CL and HIV co-infection is reported from Africa (L. major), Asia (L. tropica), and Latin America (L. braziliensis, L. guyanensis).

As the clinical manifestations of leishmaniasis depend on the interaction between the (numbers of) parasites and the ensuing immune response, it follows that clinical manifestations of leishmanial syndromes that present with absent or poor cellular responses such as VL, PKDL, and diffuse cutaneous leishmaniasis (DCL) may become more common and more severe in HIV infection (Figure 2). In these conditions parasites may become more numerous, and the classical delineation between clinical syndromes becomes blurred. Parasites lose their “tropism;” for example, L. tropica, L. major, or L. guyanensis infections that classically cause CL have been reported to cause VL. Similarly, while skin lesions are not a feature of VL in immunocompetent patients, they are commonly described in HIV-VL and are not restricted to L. donovani. As a rule, the same strain that causes VL is also found in the accompanying skin lesion; however, there are a few exceptions, and new strains of Leishmania parasites have been isolated that do not cause disease in those who are not HIV infected [16]. In one case of para-kala-azar dermal leishmaniasis from Ethiopia, a unique Restriction Fragment Length Polymorphism (RFLP) pattern was found, while in three other patients with disseminated cutaneous leishmaniasis during VL, paired strains isolated from the skin and viscera were identical [17]. In Brazil, the strains isolated from the bone marrow and the skin lesions differed in one case [18].

Figure 2

A simplified, theoretical presentation of the relationship between Th1 and Th2 responses, and parasite load, with the influence of HIV and antileishmanial and antiretroviral treatment on cutaneous leishmaniasis (CL), post-kala-azar dermal leishmaniasis (PKDL), diffuse cutaneous leishmaniasis (DCL) and visceral leishmaniasis (VL).

The Th17 response is not shown but is similar in polarity to the Th1 response. Mucocutaneous leishmaniasis (MCL) and leishmaniasis recidivans (LR) are indicated as reference points.

Immune Responses in CL, VL, and PKDL in Immunocompetent Patients

The immune response in leishmaniasis was clearly described in the murine model as a Th2 response in disease and a Th1 response during cure. In humans the dichotomy as found in the murine model is not so clear, and disease progression is determined by the changing cytokine profile [19]. Furthermore, a third T helper subset (Th17) was recently identified and shown to play a role in early mucosal immune defenses; so far, this subset has been implicated in cutaneous and mucosal leishmaniasis, as well as in PKDL [20]–[23].

In CL, parasites in the skin elicit an immune response characterized by a mixed Th2/Th1 response; IFN-γ, TNF-α, IL-4, IL-10, and IL-12 may all be demonstrated. The low IFN-γ levels that are down-regulated by IL-10 may play a role in the development of the lesions and parasite multiplication. Necrosis is a feature of the pro-inflammatory response. After cure, only elevated levels of IFN-γ are found; the leishmanin skin test (LST) becomes positive [24].

In contrast, in diffuse cutaneous leishmaniasis (DCL) a Th2 response is found with demonstrable IL-4, IL-5, and TNF and low levels of IL-12 and IFN-γ. The LST is negative.

In MCL, the exaggerated immune response determines the clinical presentation that is characterized by progressive tissue necrosis. It is thought that reduction of IL-10 levels or reduced expression of the IL-10 receptor contribute to overproduction of IFN-γ. Recently, it was demonstrated that IL-17 plays an important role that is produced through stimulation by IL-1β and regulated by IL-10 and IFN-γ [25]. The LST is strongly positive.

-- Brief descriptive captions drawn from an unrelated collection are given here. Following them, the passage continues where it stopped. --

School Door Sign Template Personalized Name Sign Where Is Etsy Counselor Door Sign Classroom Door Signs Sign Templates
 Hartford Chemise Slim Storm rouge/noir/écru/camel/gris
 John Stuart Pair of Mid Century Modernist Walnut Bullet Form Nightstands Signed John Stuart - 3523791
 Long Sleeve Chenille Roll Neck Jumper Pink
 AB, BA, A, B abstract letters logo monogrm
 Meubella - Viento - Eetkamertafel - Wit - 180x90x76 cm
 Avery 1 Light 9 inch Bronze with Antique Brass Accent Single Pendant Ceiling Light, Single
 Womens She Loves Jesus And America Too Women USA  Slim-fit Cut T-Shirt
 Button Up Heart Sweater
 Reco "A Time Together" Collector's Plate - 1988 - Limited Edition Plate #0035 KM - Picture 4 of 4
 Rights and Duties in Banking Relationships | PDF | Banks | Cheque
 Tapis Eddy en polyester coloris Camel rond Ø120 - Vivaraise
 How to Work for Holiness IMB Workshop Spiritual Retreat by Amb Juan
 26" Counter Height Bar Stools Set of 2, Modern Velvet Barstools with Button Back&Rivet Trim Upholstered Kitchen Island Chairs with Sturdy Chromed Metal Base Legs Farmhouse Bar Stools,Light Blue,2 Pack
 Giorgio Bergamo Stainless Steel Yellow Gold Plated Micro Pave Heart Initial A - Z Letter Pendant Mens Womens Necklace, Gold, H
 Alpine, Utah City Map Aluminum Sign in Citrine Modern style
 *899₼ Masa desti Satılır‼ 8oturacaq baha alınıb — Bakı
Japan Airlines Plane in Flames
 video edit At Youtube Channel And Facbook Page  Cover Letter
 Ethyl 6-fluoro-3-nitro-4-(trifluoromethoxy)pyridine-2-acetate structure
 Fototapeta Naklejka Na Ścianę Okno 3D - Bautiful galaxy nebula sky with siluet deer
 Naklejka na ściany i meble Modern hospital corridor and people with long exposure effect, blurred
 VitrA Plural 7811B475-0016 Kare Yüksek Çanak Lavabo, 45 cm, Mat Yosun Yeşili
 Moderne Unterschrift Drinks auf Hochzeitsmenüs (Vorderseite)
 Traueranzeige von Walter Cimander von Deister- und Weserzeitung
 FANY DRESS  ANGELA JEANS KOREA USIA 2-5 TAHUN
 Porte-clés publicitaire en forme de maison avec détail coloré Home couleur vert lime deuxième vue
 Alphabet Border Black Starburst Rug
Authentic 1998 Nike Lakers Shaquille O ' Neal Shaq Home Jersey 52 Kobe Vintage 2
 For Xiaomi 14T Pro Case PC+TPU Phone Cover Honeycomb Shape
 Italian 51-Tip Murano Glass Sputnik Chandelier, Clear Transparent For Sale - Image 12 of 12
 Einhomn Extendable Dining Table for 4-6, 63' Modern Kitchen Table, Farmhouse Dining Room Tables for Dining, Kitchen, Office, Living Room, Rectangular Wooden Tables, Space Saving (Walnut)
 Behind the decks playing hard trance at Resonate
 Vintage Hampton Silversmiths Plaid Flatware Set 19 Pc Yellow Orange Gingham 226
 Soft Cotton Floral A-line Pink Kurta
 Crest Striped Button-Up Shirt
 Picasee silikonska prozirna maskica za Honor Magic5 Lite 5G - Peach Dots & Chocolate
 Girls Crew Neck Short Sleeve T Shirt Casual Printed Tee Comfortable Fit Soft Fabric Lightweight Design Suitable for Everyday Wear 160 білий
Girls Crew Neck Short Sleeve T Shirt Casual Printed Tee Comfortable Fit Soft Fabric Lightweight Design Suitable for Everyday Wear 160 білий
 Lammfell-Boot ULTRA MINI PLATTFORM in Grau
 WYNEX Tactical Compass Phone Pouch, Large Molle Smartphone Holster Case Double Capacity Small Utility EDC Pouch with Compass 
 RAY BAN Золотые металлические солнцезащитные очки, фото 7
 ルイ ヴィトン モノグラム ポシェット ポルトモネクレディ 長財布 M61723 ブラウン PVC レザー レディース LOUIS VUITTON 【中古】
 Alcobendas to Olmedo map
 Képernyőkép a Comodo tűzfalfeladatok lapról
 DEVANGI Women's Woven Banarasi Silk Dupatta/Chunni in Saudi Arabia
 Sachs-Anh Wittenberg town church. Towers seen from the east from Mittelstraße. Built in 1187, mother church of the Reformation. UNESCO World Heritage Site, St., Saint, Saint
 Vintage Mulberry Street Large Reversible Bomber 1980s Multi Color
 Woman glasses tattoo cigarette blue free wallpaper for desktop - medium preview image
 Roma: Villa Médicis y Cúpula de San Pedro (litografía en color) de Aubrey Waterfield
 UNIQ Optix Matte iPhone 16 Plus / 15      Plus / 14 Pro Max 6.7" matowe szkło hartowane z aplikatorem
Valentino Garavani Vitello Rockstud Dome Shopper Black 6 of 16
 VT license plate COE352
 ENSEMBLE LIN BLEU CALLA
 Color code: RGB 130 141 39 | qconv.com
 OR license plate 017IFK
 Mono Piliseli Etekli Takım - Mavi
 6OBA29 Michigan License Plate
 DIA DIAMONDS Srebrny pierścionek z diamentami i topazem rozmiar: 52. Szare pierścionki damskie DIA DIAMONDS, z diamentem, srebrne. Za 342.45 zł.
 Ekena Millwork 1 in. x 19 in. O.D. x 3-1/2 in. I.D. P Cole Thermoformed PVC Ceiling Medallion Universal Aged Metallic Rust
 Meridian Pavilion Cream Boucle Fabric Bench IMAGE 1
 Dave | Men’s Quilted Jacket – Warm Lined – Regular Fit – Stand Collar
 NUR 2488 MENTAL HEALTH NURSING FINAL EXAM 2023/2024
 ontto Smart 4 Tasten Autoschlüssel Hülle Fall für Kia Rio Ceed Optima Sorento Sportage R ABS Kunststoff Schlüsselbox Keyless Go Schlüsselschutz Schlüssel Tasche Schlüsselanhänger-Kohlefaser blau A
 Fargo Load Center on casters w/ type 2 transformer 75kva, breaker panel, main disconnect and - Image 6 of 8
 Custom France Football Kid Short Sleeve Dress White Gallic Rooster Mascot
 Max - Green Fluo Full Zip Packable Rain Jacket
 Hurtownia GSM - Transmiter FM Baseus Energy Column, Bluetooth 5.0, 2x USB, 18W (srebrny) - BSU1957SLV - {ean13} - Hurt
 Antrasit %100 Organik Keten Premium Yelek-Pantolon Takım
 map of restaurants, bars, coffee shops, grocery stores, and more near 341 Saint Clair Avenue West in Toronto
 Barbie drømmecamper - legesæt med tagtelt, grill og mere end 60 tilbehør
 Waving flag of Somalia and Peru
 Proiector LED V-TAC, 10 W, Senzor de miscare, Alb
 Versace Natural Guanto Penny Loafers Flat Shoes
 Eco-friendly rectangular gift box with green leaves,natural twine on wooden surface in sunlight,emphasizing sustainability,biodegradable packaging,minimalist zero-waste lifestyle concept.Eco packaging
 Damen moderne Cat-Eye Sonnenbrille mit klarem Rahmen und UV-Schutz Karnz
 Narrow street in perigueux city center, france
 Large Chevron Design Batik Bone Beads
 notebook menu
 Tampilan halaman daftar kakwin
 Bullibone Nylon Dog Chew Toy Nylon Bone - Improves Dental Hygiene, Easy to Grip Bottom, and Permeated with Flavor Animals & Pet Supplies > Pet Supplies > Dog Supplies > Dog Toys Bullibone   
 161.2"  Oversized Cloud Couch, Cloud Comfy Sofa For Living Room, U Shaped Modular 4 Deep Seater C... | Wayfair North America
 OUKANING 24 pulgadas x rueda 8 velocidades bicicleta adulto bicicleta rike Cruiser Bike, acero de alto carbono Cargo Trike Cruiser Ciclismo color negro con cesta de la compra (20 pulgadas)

In VL, parasites can be readily demonstrated in aspirates of lymph nodes, bone marrow, or spleen. The immune response is characterized as a predominantly Th2 response with a strong humoral response with high titers of antibody; in addition, there is an absent cellular immune response to Leishmania parasites as evidenced in vitro by peripheral blood mononuclear cells (PBMC) stimulation and in vivo by a negative LST. The cytokine profile shows IL-4 stimulation with high levels of IL-10 and IL-13 in the peripheral blood, leading to reciprocal inhibition of TNF-α and polyclonal B-cell stimulation with high circulating antibody levels [26]. The development of a healing immune response is triggered by antileishmanial therapy and is essential for cure; macrophage activation with subsequent killing of Leishmania parasites plays a pivotal role. After cure of VL, a predominantly Th1 response is found that is characterized by the development of a cellular immune response to Leishmania parasites; stimulating PBMCs will show high levels of IL-2 and interferon-γ and the LST will become positive. The humoral immune response decreases over time with subsiding antibody levels [26]. Despite absence of parasites in aspirates of bone marrow or spleen, it is thought that there is no sterile cure in VL and that parasites persist; therefore, any subsequent immune suppression may lead to disease reactivation [26].

In PKDL, parasites persist in the skin after VL while they can no longer be demonstrated in the viscera; PKDL is typically the result of immune (re-)constitution (Figure 3A); in PKDL a (anti-inflammatory) mixed Th1/Th2 immune response is seen with IFN-γ production and persistence of IL-10 in the skin and in the peripheral blood. Th17 responses (through IL 17) have been demonstrated in the skin as well as in the peripheral blood [20]. In some patients, PKDL occurs while the patient is still on treatment for VL (para-kala-azar dermal leishmaniasis); PKDL can also occur in absence of previous VL, probably following subclinical infection with an adequate developing immune response preventing systemic disease. Healing of PKDL is a function of a changing immune response to a pure Th1 (pro-inflammatory) response with a pivotal role for IL-2 [26]–[28].

Figure 3

Immune (re-)constitution and post-kala-azar dermal leishmaniasis (PKDL).

Panel A: Immune constitution in PKDL in immunocompetent patients. Theoretical relationship between changes in parasite load and immune response as the result of antileishmanial treatment, with associated clinical syndromes (visceral leishmaniasis [VL], PKDL) Panel B: Immune reconstitution in HIV infection. Theoretical relationship between changes in viral load and CD4 count as a result of antiretroviral therapy, with examples of associated immune reconstitution disease (cryptococcal meningitis, Kaposi's sarcoma, tuberculosis). Panel C: Theoretical overlap in mechanisms of PKDL occurring during VL and HIV co-infection treated with combined antileishmanial and antiretroviral therapy.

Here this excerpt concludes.